さらに遡れば昔の処刑場跡地や死体を投げ捨てていた土地ですら、今は立派なマンションや商業施設が建っている。殺人事件のあった家で新築を建てても買い手がつかないような土地ですら、公園や駐車場として活用されている。
郊外の商業施設や宿屋などで、赤字で潰れ買い手がつかずに放置される場合は、年月は経っても所有者が生きていれば建物込みでの購入者を待ち、あるいは更地にして、いずれも中に他人が入らないよう管理し最低限の手入れをするゆえ、廃墟化することはない。
そのような世の中にあって、廃墟のまま年単位で放置される場所とは、地権者がその廃墟内であれ外であれ不審死を遂げているか失踪していて正常な土地取引が成り立たない状況となっているか、土地をなんとかして手に入れた側も、手出しをできなくなっていることが多い。
どんな来歴の不動産であれ、無理矢理に取得して強引に活用できるその筋の業者すらどうにもできない廃墟は、さまざまな目に視えぬ者たちの妨害により、取り壊しができないのじゃ。
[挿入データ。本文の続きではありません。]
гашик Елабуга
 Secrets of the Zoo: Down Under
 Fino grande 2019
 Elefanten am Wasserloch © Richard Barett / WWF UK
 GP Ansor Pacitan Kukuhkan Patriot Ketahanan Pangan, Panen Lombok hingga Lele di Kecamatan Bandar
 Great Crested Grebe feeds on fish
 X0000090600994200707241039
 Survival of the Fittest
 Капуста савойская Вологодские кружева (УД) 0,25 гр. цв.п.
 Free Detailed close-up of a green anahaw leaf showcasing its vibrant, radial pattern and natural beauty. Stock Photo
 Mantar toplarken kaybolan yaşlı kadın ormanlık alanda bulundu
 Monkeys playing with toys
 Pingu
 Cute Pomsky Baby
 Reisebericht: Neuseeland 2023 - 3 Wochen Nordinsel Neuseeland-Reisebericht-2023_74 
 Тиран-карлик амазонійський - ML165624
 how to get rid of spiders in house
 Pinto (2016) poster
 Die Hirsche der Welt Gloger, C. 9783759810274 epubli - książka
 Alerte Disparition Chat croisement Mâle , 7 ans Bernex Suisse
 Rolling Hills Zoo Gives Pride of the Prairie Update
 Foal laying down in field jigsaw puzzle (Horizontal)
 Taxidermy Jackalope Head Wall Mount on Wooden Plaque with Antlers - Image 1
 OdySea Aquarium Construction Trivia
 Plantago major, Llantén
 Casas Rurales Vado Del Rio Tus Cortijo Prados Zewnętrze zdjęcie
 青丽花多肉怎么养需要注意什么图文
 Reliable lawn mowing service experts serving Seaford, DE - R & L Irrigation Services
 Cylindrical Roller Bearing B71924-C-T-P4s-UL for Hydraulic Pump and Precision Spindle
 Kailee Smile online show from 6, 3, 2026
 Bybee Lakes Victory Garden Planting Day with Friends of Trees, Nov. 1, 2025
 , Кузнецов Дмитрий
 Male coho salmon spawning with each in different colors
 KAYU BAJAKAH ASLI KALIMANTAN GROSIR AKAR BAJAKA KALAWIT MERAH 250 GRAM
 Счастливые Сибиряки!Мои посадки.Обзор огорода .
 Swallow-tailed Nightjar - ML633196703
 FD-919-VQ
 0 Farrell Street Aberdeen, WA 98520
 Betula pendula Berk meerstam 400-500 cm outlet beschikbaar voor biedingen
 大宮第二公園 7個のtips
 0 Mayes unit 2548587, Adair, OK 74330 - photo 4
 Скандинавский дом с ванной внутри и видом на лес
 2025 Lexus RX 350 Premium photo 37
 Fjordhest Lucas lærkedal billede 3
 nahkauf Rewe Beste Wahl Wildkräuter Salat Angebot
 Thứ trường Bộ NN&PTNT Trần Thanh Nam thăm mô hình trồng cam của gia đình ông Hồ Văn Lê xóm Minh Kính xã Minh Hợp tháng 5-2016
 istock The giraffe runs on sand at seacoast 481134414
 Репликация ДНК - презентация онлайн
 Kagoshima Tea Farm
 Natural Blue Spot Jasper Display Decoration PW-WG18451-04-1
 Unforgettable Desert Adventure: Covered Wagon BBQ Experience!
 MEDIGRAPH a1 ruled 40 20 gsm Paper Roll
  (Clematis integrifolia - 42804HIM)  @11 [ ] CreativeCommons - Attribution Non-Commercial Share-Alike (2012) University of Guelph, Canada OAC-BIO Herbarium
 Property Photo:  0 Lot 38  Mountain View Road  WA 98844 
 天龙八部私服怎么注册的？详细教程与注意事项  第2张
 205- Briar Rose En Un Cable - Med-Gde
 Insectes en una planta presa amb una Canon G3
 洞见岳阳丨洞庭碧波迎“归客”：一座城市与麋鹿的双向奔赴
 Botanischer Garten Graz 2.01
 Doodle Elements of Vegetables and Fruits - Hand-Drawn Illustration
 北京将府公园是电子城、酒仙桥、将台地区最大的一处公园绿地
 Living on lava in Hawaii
それ以前に、誰かが如何なる手段でその土地を取得しようとしても、何かしらの不都合や係争が発生し、契約がままならぬなどもあろう。
そういった廃墟には、最初にそこで犠牲者が出た段階で、その犠牲者の霊のみならず近くを彷徨っていた霊や魑魅魍魎が引き寄せられ居ついている。もともと異界の出入り口が近くにあったか、霊道が通っていたならばこの世にちょうどよい棲家が出来たと異界の住人達がひっきりなしにやってきて占拠する。
ときどき、霊能者が霊の出る物件のお祓いをする話があるが、このレベルになると霊能者一人などではおよそ立ち向かえまい。